Fergerson Sarah Smallwood, Jamieson Denise J, Lindsay Michael
Department of Gynecology and Obstetrics, Division of Maternal Fetal Medicine, Emory University School of Medicine, Atlanta, Ga 30303, USA.
Am J Obstet Gynecol. 2002 May;186(5):899-902. doi: 10.1067/mob.2002.123404.
The purpose of this study was to evaluate the efficacy of the Edinburgh Postnatal Depression Scale versus routine clinical evaluation to detect postpartum depression among a low-income inner-city population and to evaluate risk factors associated with a positive score on the Edinburgh Postnatal Depression Scale.

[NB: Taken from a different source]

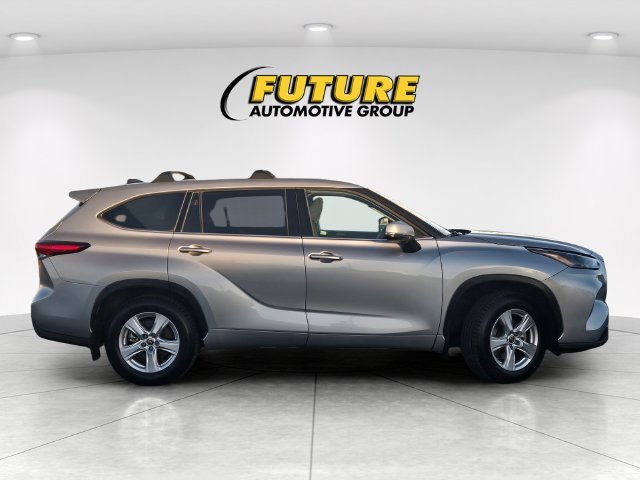 Used 2022 Silver Toyota LE image 3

On the basis of the day of the month, all English-speaking patients who were seen for their postpartum visit were assigned either to routine clinical evaluation for postpartum depression or routine clinical evaluation plus the use of the 10-question Edinburgh Postnatal Depression Scale.
During the 7-week study period, 72 women participated in the study: 35 women in the routine evaluation group and 37 women in the Edinburgh Postnatal Depression Scale group. Women who completed the Edinburgh Postnatal Depression Scale were significantly more likely than those in the routine evaluation group to be identified as being at risk for depression: 11 of 37 women (30%) versus 0 of 35 women (P <.001). A failed attempt at breast-feeding was associated with an increased risk of a score of > or =10 on the Edinburgh Postnatal Depression Scale (relative risk, 3.78; 95% CI, 1.03-13.89).
The Edinburgh Postnatal Depression Scale appears to be a valuable and efficient tool for the identification of patients who are at risk for postpartum depression.
本研究旨在评估爱丁堡产后抑郁量表相对于常规临床评估在检测低收入市中心人群产后抑郁方面的有效性,并评估与爱丁堡产后抑郁量表阳性评分相关的危险因素。
根据就诊日期,所有前来进行产后检查的英语患者被分配至产后抑郁常规临床评估组或常规临床评估加使用10项爱丁堡产后抑郁量表组。
在为期7周的研究期间,72名女性参与了研究:常规评估组35名女性,爱丁堡产后抑郁量表组37名女性。完成爱丁堡产后抑郁量表评估的女性比常规评估组女性更有可能被认定有抑郁风险:37名女性中有11名(30%),而35名女性中无一人(P<.001)。母乳喂养尝试失败与爱丁堡产后抑郁量表评分≥10分的风险增加相关(相对风险,3.78;95%可信区间,1.03 - 13.89)。
爱丁堡产后抑郁量表似乎是识别产后抑郁风险患者的一种有价值且有效的工具。